Écrit par : Francis Delval | dimanche, 23 septembre 2007

glugups: j'avais déjà lu en ligne cet article du Figaro.....Je n'ai rien à en dire ....Ce genre d'imbroglio pour héritage des droits d'auteur dit être assez fréquent

Écrit par : Francis Delval | dimanche, 23 septembre 2007

"Selon la note de Jacques, l'édition de poche de 2000 porte la mention "texte intégral", alors qu'il s'agit d'une version abrégée du recueil" :

Je confirme que c'est bien le cas et là, il s'agit vraiment d'abus, il me semble.

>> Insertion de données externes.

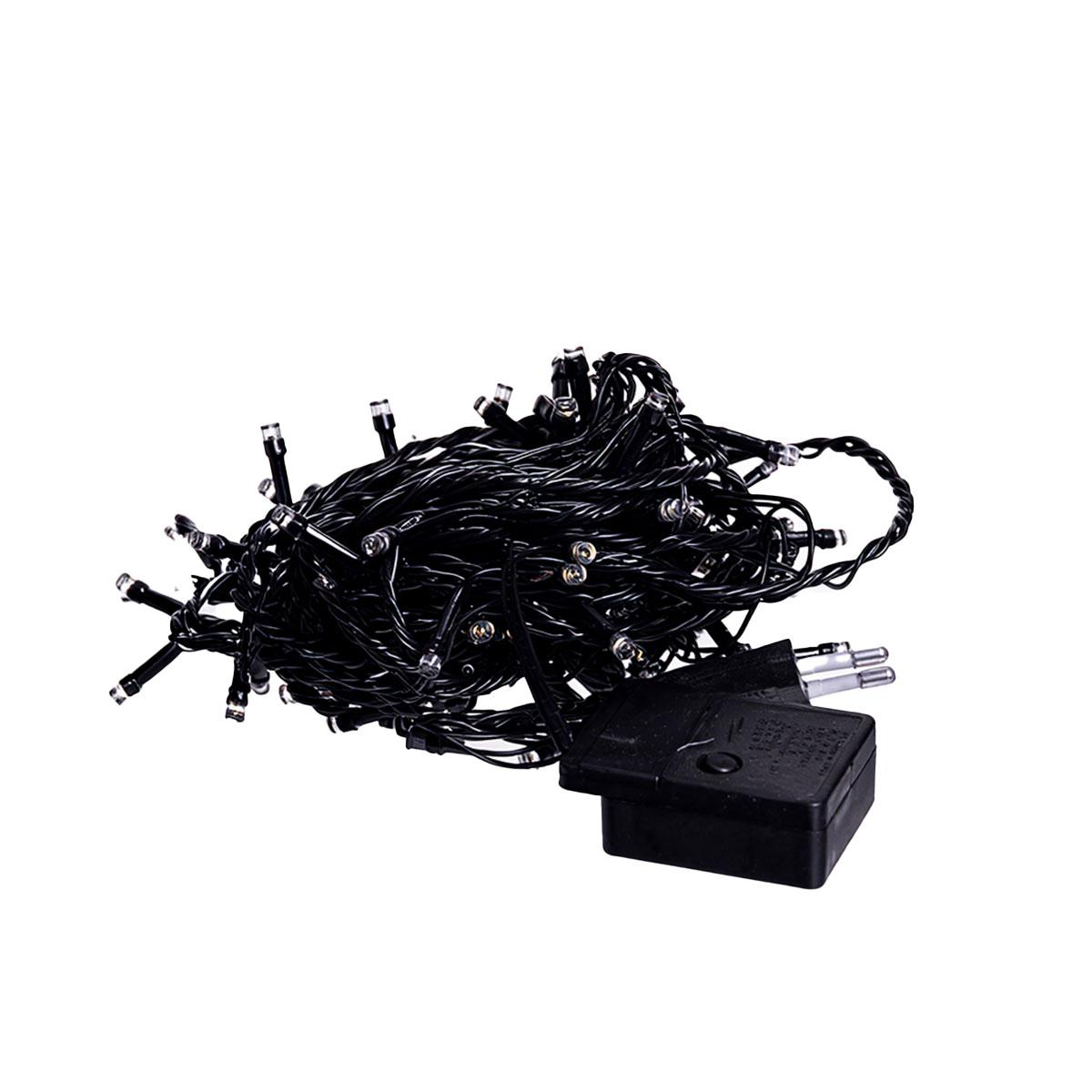 Гирлянда-штора новогодняя сетевая 3х2 м 144LED Черный/Желтый (ZWM32144LEDY) - фото 9 Гирлянда-штора новогодняя сетевая 3х2 м 144LED Черный/Желтый (ZWM32144LEDY) - фото 9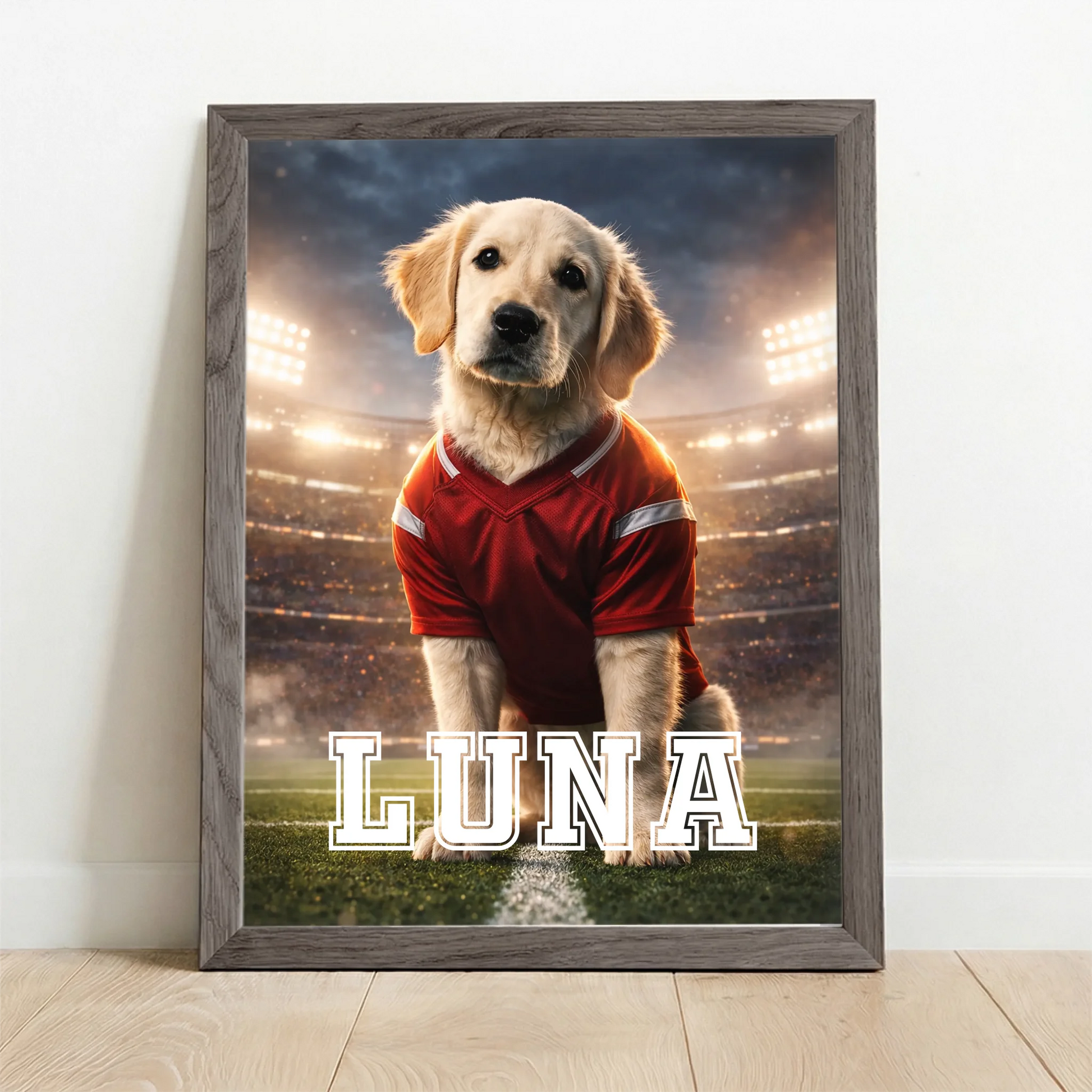 Framed Poster UK oak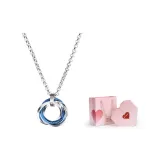 Вечная любовь Подвеска Ожерелье + Коробка на День влюбленных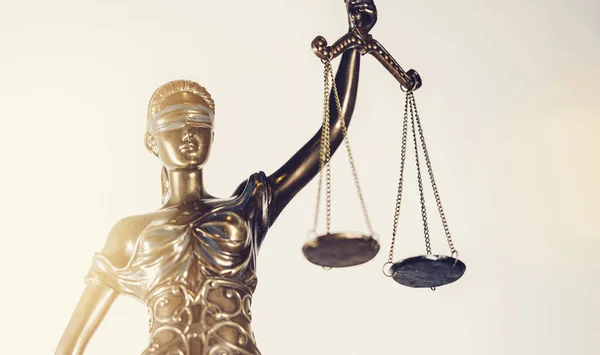 The Statue of Justice - lady justice or Iustitia / Justitia the Roman goddess of Justice - legal law concept image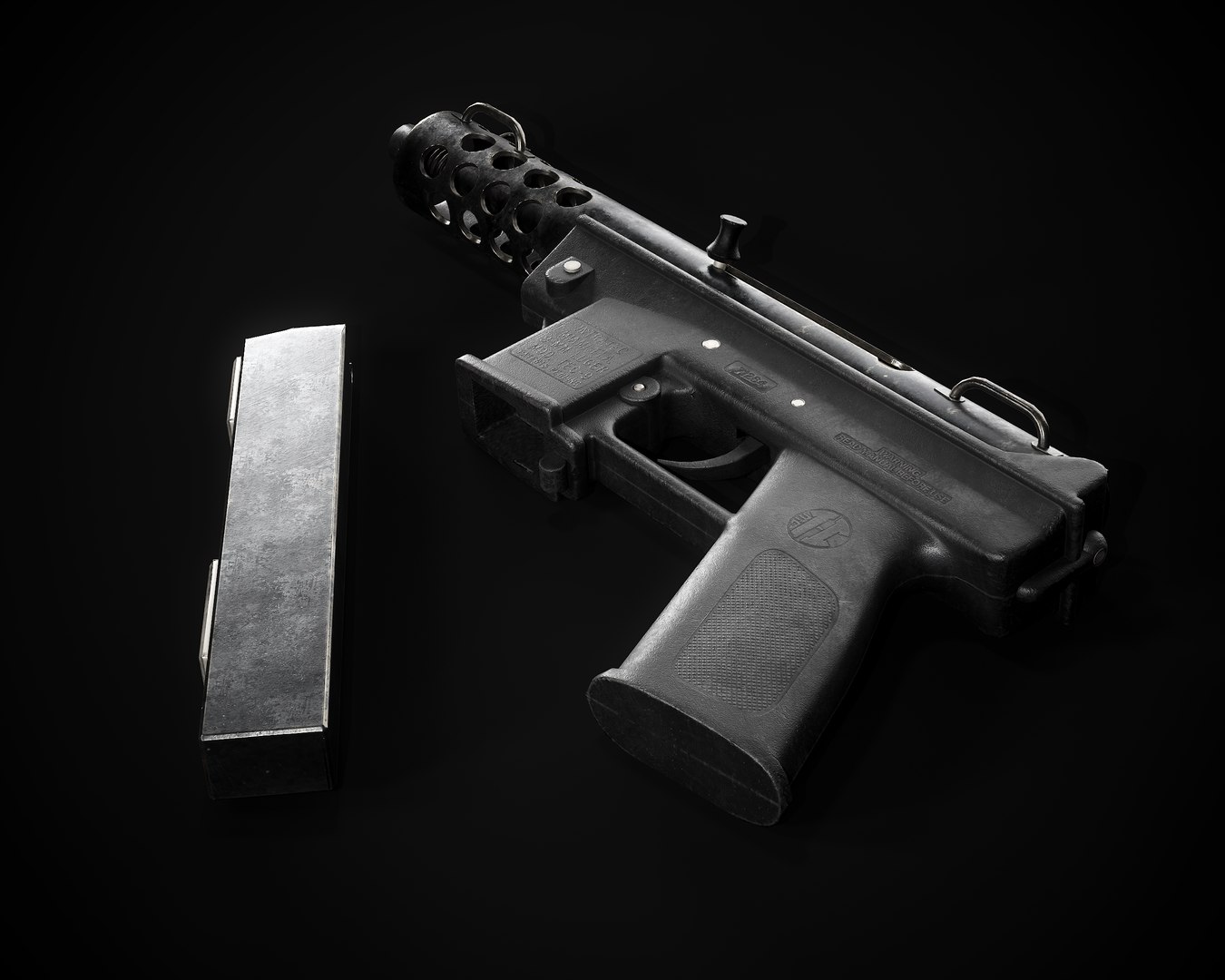 Tec-9 Tec Intratec 3D Model - TurboSquid 1672721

Je connais aussi l'article en question.

Écrit par : Jacques Layani | dimanche, 23 septembre 2007

gluglups:J'avais vu le programme des journées Ferré.Comme je ne fréquente presque jamais ce genre de manifestations (les colloques en général, où l'on n'apprend rien la plupart du temps,les universitaires remplissant leur quota d'articles à publier avant tout),je n'en dirai donc rien...
"j'préfère ma taule et mes bouquins..."

Martine:quand je parlais de littérature anglo - saxonne pour 10-18, je ne pensais pas au roman sentimental à l'eau de rose.Ils ont sorti le fonds Bourgois ,Jane Austen,Edith Warthon,Violet Trefusis,par ex, ou Doris Lessing....Type de littérature que les éditions des Femmes avait aussi édité (V.Woolf,Anaîs Nin...),qui donc concerne aussi les hommes...
Par contre les trois quarts de leurs romans policiers visent plutôt les femmes....Mais ce n'est pas Harlequin ni "j'ai lu"Désolé d'avoir été imprécis

Écrit par : Francis Delval | dimanche, 23 septembre 2007

C'est drôle, c'est ce que Jacques m'a dit après avoir lu mon commentaire...

Par ailleurs, à votre avis (et hors de propos, je vous l'accorde) y a-t-il beaucoup d'hommes à lire la littérature écrite par des femmes ? Parce que j'ai cette impression, peut-être fausse, qu'ils sont peu nombreux.

Écrit par : Martine Layani | dimanche, 23 septembre 2007

Je ne vois pas de raison valable de ne pas lire les livres écits par des femmes...Vous savez bien qu'il y a beaucoup d'écrivains femmes de talent, voire de génie ,de V?Woolf à Colette,et de Gertrude Stein à Djuna Barnes on Karen Blixen?en tout cas, mo je les lis.On trouve moins de poètes que de romancières par contre....

Écrit par : Francis Delval | dimanche, 23 septembre 2007

Oui, je sais. Et je saisis bien qu'on a déjà eu cette discussion.

Disons qu'il s'agit d'un sentiment et que par conséquent, celui-ci revient de temps à autre, comme la marée. Dans le camp des seconds couteaux lents sont les jours et courtes les semaines.

Écrit par : Martine Layani | dimanche, 23 septembre 2007

gluplups: Par inventaire, je ne pensais pas à l'inventaire juridique des oeuvres donnant lieu à droit d'auteurs,mais au dépouillement des archives,inédits,brouillons,etc...qui est de fait terminé.